The result can be misalignment between development work and business value (building the wrong stuff), poor design decisions which have bad downstream ripple effects, wrongly-calibrated expectations on product capabilities and delivery timing, frustrated employees, and disappointed customers whose expectations are not being met. And when the time pressures are too high, product quality can also suffer due to cutting corners.

Useful Techniques Link to heading

Here are some techniques that have worked for me, both in startup product teams and in large product teams. I’ve organized these into three types of product activities – planning, development, and operations – although in reality the three activity areas are intermingled and continuous, especially in smaller and agile teams where people wear multiple hats.

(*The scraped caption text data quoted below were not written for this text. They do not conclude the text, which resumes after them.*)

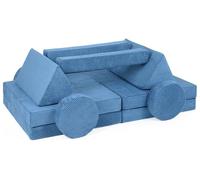 Velinda Canapé de Jeu Canapé Modulaire Meubles de Jeu Canapé pour Enfants Modulaire Meubles Familiaux Ensemble de Blocs de Construction (Color : Dark Blue (Cord))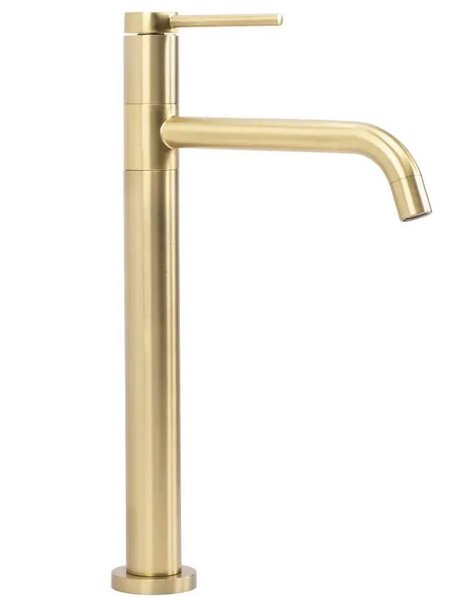 Змішувач для раковини Rea Lugano Slim одноважільний матове золото REA-B4420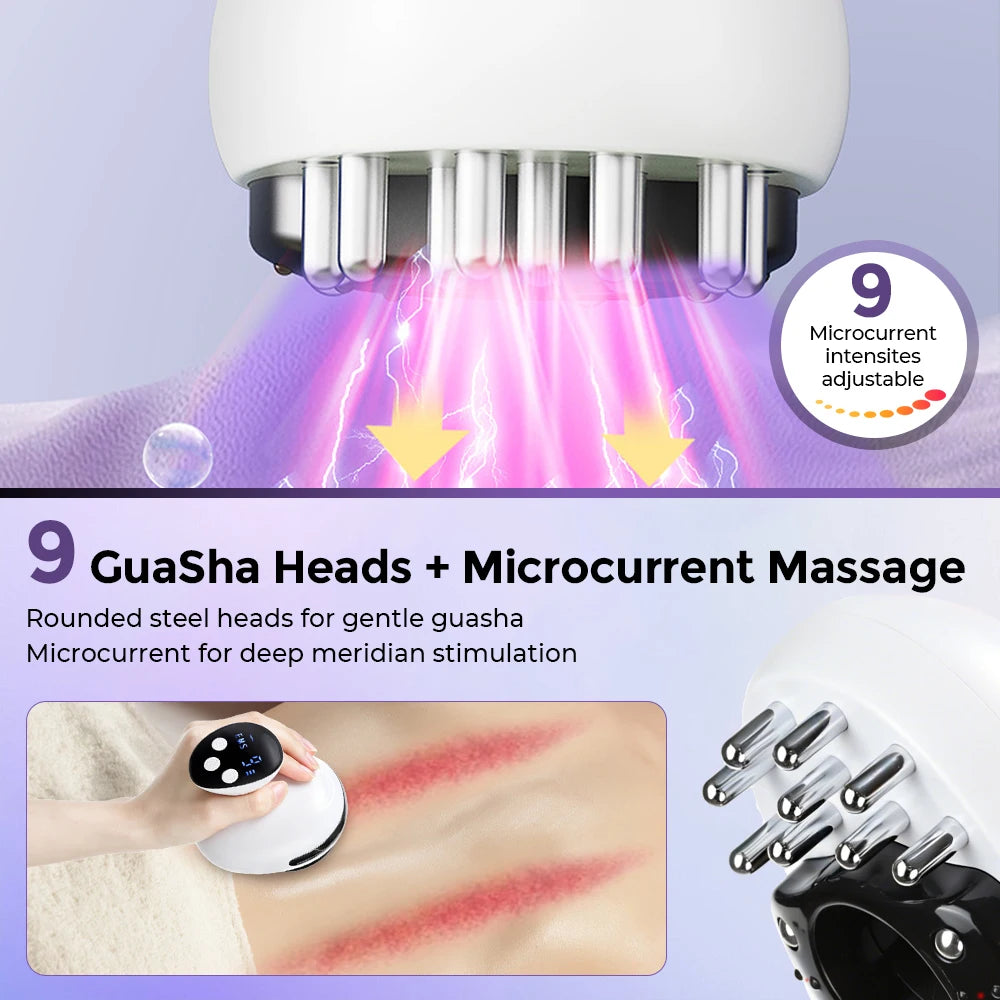 Electric Cupping Massager with Red Light Therapy & Suction for Body Pain Relief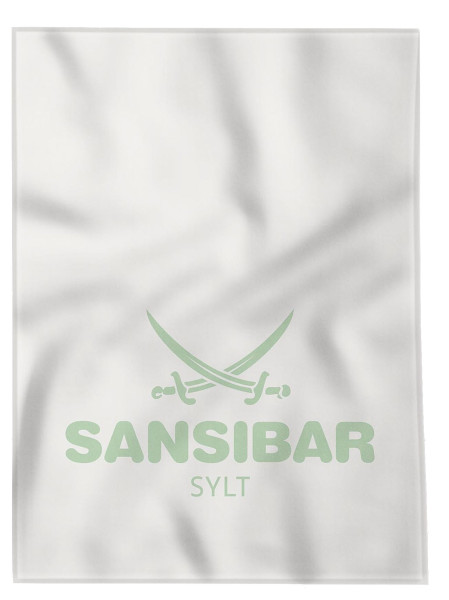 Wohndecke SANSIBAR weiß/grün in weiß aus Polyester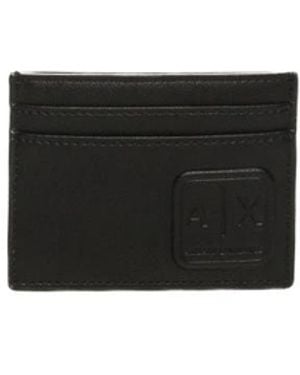 ARMANI EXCHANGE Wallets & Cardholders - Nero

Practices that help with planning activities Link to heading

  • regularly express and update your business strategy, objectives and priorities
  • create UX designs and style guidelines to help plan visual elements
  • create architectural designs and adopt coding conventions to help plan software systems
  • regularly align technical work items and business objectives
  • talk to customers early and often, collecting feedback on the work while it is in planning and development
  • sequence and prioritize work so as to reduce risk as early as possible
  • eliminate YAGNI work (You Ain’t Gonna Need It, i.e. low-value work)
  • strive for a consistent planning, development and delivery cycle
  • break work into small batches whenever possible
  • plan work so that shaving scope is possible when necessary; see the “appetite” concept in Shape Up
  • only commit to fixed delivery dates for things that are truly deadline-driven
  • foster a company-wide understanding of the product planning Iron Triangle and acceptance of its implications

Practices that help with development activities Link to heading

  • break work into small batches whenever possible
  • choose design and development tools that enable team members to implement their ideas with high fidelity and efficiency
  • strengthen your ability to detect and avoid defects as early as possible
    • integrate automatic linters and formatters in code editing tools
    • write and run tests as part of the regular coding workflow
    • increase test code coverage for complex code
    • increase test code coverage for any code that breaks in production
    • review code prior to publishing it (for learning, and quality improvement)
    • adopt tools and processes to measure and boost code quality

Practices that help with operational activities Link to heading

  • choose deployment platforms that strike the right balance between power and ease of use for the product/project you’re working on. Example: full-featured systems like AWS or Azure versus convenience-oriented systems like Heroku or Vercel. They each have their place.
  • if you can afford it, create a staging environment that mirrors production, with fake data
  • pursuse fast, easy, and frequent deployments
  • add monitoring systems e.g. for exception and uptime tracking
  • separate operational communication channels from planning and development, so as to reduce noise and help people focus
  • make developers responsible for both building and operating the system

There is no Magic Bullet… Link to heading

…but there are many little pieces worth trying.

I’ve found that incrementally adding supports like these help product teams increase efficiency and increase confidence that their actions will result in incremental improvements to a high-quality product.

Of course, this methodology and collection of techniques is not a fit for every team and project. And regardless of your methodology you need “just enough”; too much process and tooling and the team drowns under the weight; too little, and product progress is choppy because quality problems cause two-steps-forward, one-step-back situations. But it’s great when you can find a workable mix of techniques like this, and it really feels fantastic working in a team that is progressively mastering the craft of building great products.